Exercise input:
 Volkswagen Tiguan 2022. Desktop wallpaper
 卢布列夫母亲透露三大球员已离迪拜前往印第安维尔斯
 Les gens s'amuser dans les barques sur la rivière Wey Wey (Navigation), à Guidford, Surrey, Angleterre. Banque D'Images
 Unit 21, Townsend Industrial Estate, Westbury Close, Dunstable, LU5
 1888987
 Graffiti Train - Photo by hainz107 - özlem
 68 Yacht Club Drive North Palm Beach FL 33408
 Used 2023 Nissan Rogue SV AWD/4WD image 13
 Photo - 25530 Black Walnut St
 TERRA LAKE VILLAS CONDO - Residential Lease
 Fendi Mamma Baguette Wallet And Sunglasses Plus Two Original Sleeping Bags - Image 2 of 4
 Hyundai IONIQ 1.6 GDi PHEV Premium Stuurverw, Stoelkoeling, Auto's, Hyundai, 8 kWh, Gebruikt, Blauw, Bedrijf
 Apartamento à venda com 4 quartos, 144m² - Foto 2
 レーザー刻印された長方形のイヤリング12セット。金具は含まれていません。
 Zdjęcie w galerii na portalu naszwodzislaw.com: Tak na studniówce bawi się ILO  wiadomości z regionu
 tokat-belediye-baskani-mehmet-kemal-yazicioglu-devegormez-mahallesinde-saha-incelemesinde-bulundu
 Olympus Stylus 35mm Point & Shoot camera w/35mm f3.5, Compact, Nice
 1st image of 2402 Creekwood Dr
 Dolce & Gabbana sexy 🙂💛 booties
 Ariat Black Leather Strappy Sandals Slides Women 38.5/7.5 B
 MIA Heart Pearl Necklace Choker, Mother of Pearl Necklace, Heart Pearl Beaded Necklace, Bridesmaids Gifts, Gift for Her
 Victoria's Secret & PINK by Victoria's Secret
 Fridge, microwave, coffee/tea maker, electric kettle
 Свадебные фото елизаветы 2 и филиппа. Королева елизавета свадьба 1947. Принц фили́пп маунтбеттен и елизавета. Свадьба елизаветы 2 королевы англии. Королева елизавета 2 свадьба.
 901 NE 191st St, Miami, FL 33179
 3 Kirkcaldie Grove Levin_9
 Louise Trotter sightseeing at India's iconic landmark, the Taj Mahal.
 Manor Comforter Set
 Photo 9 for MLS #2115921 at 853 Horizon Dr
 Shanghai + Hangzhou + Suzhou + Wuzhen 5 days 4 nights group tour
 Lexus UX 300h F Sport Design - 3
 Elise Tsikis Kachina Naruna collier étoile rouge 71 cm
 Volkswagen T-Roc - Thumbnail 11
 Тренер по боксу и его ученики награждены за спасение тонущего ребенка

What you are asked to do:
Check every line of the entries above for the word "Photo" and report how many lines contain it, giving the number only.

Solved problem:
3